如果說傑出人物集團無權將自己的意志強加給別人,那麼,任何其他集團,即便在人口中佔大多數,也不擁有這種權利。每個人應該是他自己的統治者,只要他不去幹涉別人同樣的權利。建立政府是為了保護這種權利,使其不受其它公民或外界的威脅,而不是讓多數人毫無約束地統治其他人。傑斐遜希望在他的墓碑上刻下他生前取得的三項成就:一、在他任州長時,弗吉尼亞州通過了宗教自由法(該法是旨在保護少數人不受多數人統治的「美國權利法案」的前身),二、起草《獨立宣言》,三.創辦弗吉尼亞大學。由傑斐遜的同時代人起草的美國憲法,目的在於建立一個強大的全國性政府,以保衛國家,提高全體人民的福利,但同時要嚴格限制它的權力,以保護每一個公民和各州政府不受全國政府的支配。統治民主是指讓廣大人民群眾參與政府活動,顯然不是指政治上由多數人實行統治。

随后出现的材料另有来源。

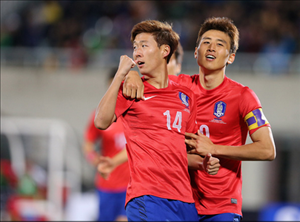 Nhận định Hàn Quốc vs Uzbekistan 18h00 ngày 15/11 (VL World Cup 2018)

著名的法國政治哲學家和社會學家A.托克維爾在十九世紀三十年代對美國作了長期訪問後,寫了一本不朽的著作,名叫《美國的民主》。他在書中認為美國的突出特徵是平等,而不是多數人統治。他寫道:

「在美國,貴族政治因素從一開始就是微弱的。即使它們尚未被完全肅清,它們現在也已完全喪失了戰鬥力,很難再對事態產生任何影響。相反,民主原則卻隨著時間的推移、形勢的發展以及各項法律的制定而得到極大的加強,該原則不僅壓倒了其他一切原則,而且成了無所不能的靈丹妙藥。在美國,沒有哪個家族或公司能夠發號施令。……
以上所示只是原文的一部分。